## [TASK REQUIREMENTS]
When a line below contains the word "Neck", copy that line.

## [INPUT DATA]
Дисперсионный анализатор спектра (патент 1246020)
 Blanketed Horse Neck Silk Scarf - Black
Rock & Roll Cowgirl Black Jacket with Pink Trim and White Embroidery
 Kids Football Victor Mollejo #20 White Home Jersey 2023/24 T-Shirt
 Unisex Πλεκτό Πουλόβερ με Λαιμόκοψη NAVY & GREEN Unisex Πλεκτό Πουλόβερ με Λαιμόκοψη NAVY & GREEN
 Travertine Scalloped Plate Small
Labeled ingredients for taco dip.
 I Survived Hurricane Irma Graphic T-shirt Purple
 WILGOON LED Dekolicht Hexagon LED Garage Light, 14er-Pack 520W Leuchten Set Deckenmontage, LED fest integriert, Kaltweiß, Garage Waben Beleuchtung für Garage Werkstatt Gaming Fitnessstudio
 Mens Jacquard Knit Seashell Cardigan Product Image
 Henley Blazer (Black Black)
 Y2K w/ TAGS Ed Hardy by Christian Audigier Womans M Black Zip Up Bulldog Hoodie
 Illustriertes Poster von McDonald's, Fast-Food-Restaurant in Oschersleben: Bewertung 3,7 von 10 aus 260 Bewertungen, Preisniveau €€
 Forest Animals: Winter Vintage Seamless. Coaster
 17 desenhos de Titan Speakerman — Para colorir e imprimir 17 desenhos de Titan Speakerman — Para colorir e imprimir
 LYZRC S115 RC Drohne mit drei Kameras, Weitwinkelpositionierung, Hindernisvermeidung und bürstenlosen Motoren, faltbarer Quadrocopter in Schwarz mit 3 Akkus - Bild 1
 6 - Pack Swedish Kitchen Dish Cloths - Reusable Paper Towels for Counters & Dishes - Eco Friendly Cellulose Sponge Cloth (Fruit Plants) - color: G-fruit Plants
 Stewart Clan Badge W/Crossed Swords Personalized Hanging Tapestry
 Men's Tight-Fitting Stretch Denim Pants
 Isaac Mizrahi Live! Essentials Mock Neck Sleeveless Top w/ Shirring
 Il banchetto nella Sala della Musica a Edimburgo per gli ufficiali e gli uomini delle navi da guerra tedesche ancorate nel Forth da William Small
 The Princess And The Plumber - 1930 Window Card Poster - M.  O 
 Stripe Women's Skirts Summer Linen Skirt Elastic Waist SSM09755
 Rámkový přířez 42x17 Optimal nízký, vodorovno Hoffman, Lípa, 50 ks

## [SOLUTION FOR THIS TASK]
 Blanketed Horse Neck Silk Scarf - Black
 Isaac Mizrahi Live! Essentials Mock Neck Sleeveless Top w/ Shirring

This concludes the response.